Spécialiste du pentecôtisme sur lequel il a publié une introduction faisant référence, l’auteur a aussi un long enracinement en Afrique dont il nous offre ici le fruit. Son ouvrage traite du visage particulier du pentecôtisme africain et entend discuter de la continuité et de la discontinuité qu’il présente par rapport à la culture religieuse du continent. Comme il le précise lui-même, il s’agit d’une étude interdisciplinaire « examinant la littérature scientifique qui, d’un point de vue historique, théologique, et social, porte sur la manière avec laquelle le pentecôtisme interagit avec les religions africaines, transformant les vieilles perceptions alors qu’elles demeurent vraies pour le monde religieux dans lequel il est immergé » (p. 18).

Cette étude est divisée en trois parties. La première situe ce mouvement ecclésial dans son contexte, en rappelant d’abord quelle fut l’émergence du pentecôtisme en Afrique puis en Afrique du Sud, spécialement à Shoshanguve, une cité de la banlieue de Prétoria où l’auteur a mené des enquêtes au début des années 90 et à nouveau en 2016. La deuxième partie se penche sur les liens du mouvement avec un monde « enchanté » à partir des réponses à ces enquêtes, en décrivant de manière détaillée les relations des fidèles des différents types d’Églises observées avec les ancêtres, les esprits et les pratiques de guérison ou de délivrance, et en analysant la continuité ou la rupture de leur comportement face à cet univers. La troisième partie s’interroge sur la manière avec laquelle des universitaires ont théorisé la réapparition d’idées et de pratiques africaines dans le pentecôtisme. Le chapitre 7 s’intéresse à la transformation opérée par le christianisme lors de la traduction du monde spirituel africain en langage biblique et sur l’hypothèse d’un « syncrétisme responsable » par la mise en place de rituels d’exorcisme ou délivrance. Dans le chapitre 8, Anderson discute de la confusion supposée du Saint-Esprit avec cette force vitale impersonnelle qui caractérise la culture africaine (selon Tempels), en comparant les textes bibliques avec les pratiques et discours des Églises pentecôtistes. Enfin, un bref dernier chapitre conclut sur la capacité du pentecôtisme à tenir le neuf et le vieux en matière de religion et sur la conviction de l’auteur qu’il s’agit bien là des raisons de son expansion en Afrique où il peut prendre des formes diverses manifestant précisément sa faculté d’adaptation aux contextes.

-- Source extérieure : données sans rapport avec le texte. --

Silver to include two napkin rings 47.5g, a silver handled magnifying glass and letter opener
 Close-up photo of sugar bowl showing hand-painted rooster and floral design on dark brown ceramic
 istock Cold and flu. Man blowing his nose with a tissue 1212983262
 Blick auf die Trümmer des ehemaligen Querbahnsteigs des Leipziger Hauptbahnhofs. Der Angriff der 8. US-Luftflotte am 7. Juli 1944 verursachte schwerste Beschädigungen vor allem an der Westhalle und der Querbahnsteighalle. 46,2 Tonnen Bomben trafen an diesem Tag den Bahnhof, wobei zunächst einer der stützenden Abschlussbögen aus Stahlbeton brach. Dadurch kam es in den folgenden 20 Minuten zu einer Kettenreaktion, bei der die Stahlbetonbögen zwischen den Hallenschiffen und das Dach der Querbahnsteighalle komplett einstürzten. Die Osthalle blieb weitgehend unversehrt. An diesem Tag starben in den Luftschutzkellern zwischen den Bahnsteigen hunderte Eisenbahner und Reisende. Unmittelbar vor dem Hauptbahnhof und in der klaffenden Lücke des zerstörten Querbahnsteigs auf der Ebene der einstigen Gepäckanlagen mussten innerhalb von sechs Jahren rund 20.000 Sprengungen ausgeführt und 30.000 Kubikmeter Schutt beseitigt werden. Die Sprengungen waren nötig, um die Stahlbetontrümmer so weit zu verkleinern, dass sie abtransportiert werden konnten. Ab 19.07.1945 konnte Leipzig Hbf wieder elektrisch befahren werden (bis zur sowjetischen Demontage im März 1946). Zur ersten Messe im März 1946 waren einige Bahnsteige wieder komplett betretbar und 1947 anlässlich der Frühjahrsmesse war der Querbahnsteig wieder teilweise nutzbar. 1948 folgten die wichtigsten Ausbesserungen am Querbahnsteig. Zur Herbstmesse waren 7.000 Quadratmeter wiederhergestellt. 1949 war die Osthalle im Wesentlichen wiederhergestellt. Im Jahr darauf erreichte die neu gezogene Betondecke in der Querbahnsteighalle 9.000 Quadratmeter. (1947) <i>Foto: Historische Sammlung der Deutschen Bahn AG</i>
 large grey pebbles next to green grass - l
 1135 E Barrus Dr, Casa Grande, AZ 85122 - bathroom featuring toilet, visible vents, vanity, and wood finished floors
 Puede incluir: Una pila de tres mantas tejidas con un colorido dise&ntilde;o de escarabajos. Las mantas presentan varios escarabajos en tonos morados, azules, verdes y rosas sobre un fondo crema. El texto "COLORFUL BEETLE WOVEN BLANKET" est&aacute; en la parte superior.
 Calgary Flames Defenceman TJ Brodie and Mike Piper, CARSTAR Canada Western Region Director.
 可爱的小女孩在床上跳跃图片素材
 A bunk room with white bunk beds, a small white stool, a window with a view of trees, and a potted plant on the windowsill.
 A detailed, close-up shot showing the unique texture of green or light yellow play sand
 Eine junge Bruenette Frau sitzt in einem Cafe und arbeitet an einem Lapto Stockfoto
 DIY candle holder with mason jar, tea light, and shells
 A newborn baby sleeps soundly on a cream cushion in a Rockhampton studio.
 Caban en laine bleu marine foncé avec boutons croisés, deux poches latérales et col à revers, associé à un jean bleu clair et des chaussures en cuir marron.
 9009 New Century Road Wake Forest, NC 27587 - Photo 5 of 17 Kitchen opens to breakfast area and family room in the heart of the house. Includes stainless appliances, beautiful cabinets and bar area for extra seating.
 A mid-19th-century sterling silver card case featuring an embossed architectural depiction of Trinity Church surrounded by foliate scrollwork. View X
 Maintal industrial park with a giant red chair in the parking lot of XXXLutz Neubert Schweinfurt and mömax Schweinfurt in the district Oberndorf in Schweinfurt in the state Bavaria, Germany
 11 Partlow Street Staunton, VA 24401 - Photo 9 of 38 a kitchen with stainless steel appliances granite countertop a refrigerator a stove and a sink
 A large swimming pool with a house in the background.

Un glossaire, une bibliographie de référence et un index complètent cet ouvrage important qui a le grand mérite de montrer l’insuffisance des critiques souvent portées contre des Églises qui ne seraient chrétiennes que de nom et ne feraient que reprendre les convictions et pratiques des religions traditionnelles. Sans être toujours convainquant, il montre bien la part de créativité de ces communautés et la volonté des fidèles de se démarquer de démarches ancestrales. Sans doute aurait-il été pertinent de s’arrêter davantage sur la question simplement posée de savoir si les rituels mis en œuvre renforcent la peur ou apportent une libération (p. 169).

Michel Mallèvre

Allan Heaton Anderson, Spirit-Filled World. Religious Dis/Continuity in African Pentecostalism, Londres, Palgrave Macmillan (coll. « Christianity and Renewal – Interdisciplinary Studies »), 2018 ; 274 p. 92 £. ISBN : 978-3-319-73729-4.

Recension publiée dans la revue Istina, 2018/3.